**Task directions**
Nothing outside the range is to be copied. From the entries below, reproduce exactly the lines starting at the one with "Palm Tree Leaf Black White Accent Pillow" and ending at the one with "Manahils Stitched Burgundy", without pictures.

**Available data**
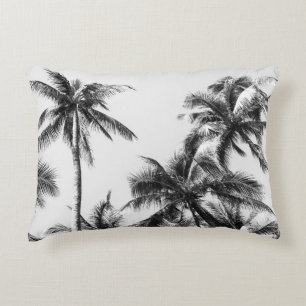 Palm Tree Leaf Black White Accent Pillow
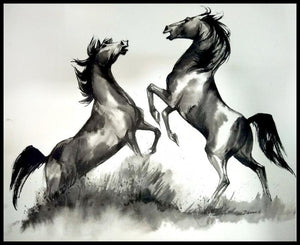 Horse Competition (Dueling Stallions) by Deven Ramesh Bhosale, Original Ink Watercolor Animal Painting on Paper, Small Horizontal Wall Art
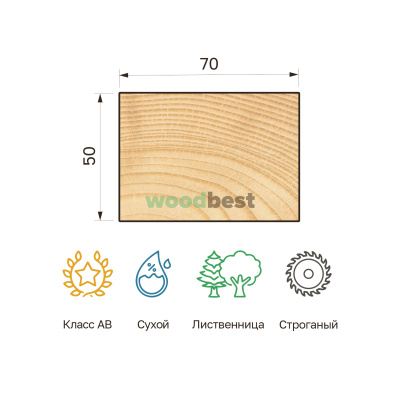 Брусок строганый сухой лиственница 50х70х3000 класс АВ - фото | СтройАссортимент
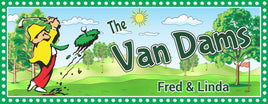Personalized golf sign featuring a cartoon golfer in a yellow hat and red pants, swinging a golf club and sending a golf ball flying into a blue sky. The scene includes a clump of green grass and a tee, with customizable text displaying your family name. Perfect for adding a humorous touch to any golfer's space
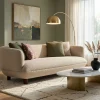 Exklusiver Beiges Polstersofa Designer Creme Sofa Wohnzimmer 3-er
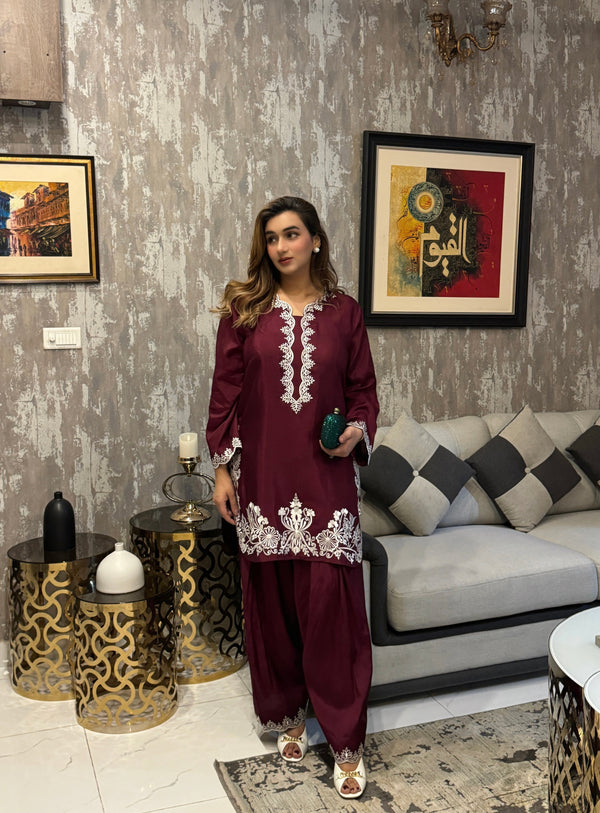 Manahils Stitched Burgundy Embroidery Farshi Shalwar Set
--
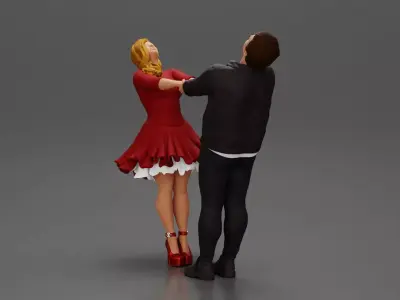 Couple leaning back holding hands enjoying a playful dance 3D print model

**Exercise output**
 Palm Tree Leaf Black White Accent Pillow
 Horse Competition (Dueling Stallions) by Deven Ramesh Bhosale, Original Ink Watercolor Animal Painting on Paper, Small Horizontal Wall Art
 Брусок строганый сухой лиственница 50х70х3000 класс АВ - фото | СтройАссортимент
Personalized golf sign featuring a cartoon golfer in a yellow hat and red pants, swinging a golf club and sending a golf ball flying into a blue sky. The scene includes a clump of green grass and a tee, with customizable text displaying your family name. Perfect for adding a humorous touch to any golfer's space
 Exklusiver Beiges Polstersofa Designer Creme Sofa Wohnzimmer 3-er
 Manahils Stitched Burgundy Embroidery Farshi Shalwar Set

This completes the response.